Disclosure statement

No potential conflict of interest was reported by the author.

Notes

1. It should be highlighted at this point that the judicial independence considered here in this paragraph is the institutional and external independence of the judiciary, i.e. what Russell (Citation2010) refers to as independence from the executive branch formalised in corresponding legal provisions. Other dimensions of judicial independence are considered by scholars. They include behavioural independence, which is measured on the basis of behaviours rather than legal provisions. Then, there is internal independence, which refers to the relationship that each judge has with the higher courts or higher ranking judges. See on this Voigt (Citation2005).

2. In Guarnieri and Pederzoli (Citation2002) this is called the neo-Latin model, because it was first adopted by the Southern European countries. Councils for the judiciary have been set up in almost all of the democracies resulting from the third wave of democratisation – in Latin America and in the Southern European countries – and from the democratic transitions which took place immediately after the fall of the Berlin Wall. Countries such as Poland, Hungary, Bulgaria and Romania decided to entrench them in the constitutions they adopted between 1989 and 1991 (Piana, 2010).
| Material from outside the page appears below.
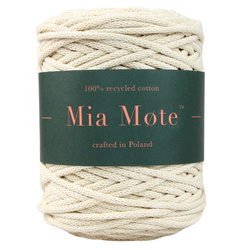 Mia Mote™ Thinny Line Sznurek bawełniany 3mm Citrine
3. Innovation has become a common response when policy makers have been asked to resolve the problems of the judicial sector, such as unreasonable timeframes, inadequate or unfair access to the courts, the public’s lack of confidence in the bench, etc. This has entailed a growing commitment to new organisational practices and policies, originating in other systems or offices, within the traditional systems of judicial governance. We will now observe the flourishing of specialised groups working within the CEPEJ, whose mandate spans from singling out a check list for quality management to monitoring the implementation of user-oriented tools to support the transfer of policies and organisational practices through a network of pilot courts – where pilot refers to a keenness to innovate organisational structures.

4. Although the structural funds programme ended in 2013 we assume that the initiatives for projects funded under the programme will have been taken no later than one year before its end.